By socializing ownership of the means of production, it will mobilize all the existing economic and social capacities in Iranian society according to a planned and systematic program. By removing the alienation of people from the products of their labor, it will unleash the creativity and capabilities of the masses who are free and in control of their own destiny. Meeting people’s needs and providing a prosperous and dignified life will become the goal of production. In this way, true economic flourishing and development will become possible, labor productivity will increase at an unimaginable speed, and services and products needed by people will be produced on a massive scale to meet the material and spiritual needs of human beings. People will enjoy equal and abundant opportunities to develop their individual talents and capabilities, and personal abilities will blossom. In such a society, the freedom and welfare of each individual will be a condition for the freedom and welfare of all, the struggle for individual survival will end, and people will enter truly human conditions.
In the socialist social system, labor will transform from a compulsory means of earning wages and livelihood to a voluntary activity carried out solely based on a sense of duty and responsiveness to social needs.
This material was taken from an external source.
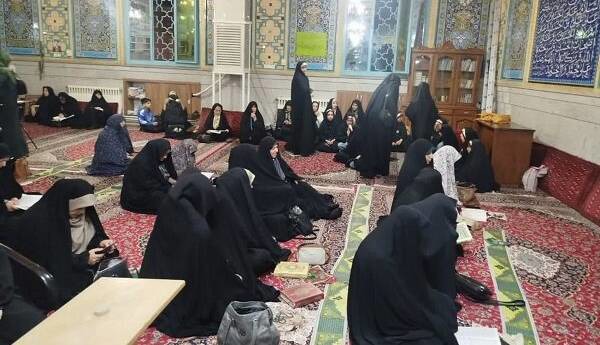 «آوای وحی» به ۱۸ مسجد قزوین رسید؛ تلاوت قرآن در دل محلات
Technology and scientific advancements, which have been chained in the grip of capitalist competition, will be freed from the vaults of research centers tied to rival economic corporations, and in harmony with global scientific progress, they will advance at a breathtaking pace. The socialist society will be alien to all forms of inequalities and discriminations such as the oppression of women and national oppression. Gender discrimination and narrow-minded national and racial prejudices will give way to human solidarity. The realization of such a society is neither fantasy nor a utopian imagination; it is a movement in the material historical development of humanity. The social force and material means to achieve it already exist. But to accelerate its establishment, we must roll up our sleeves.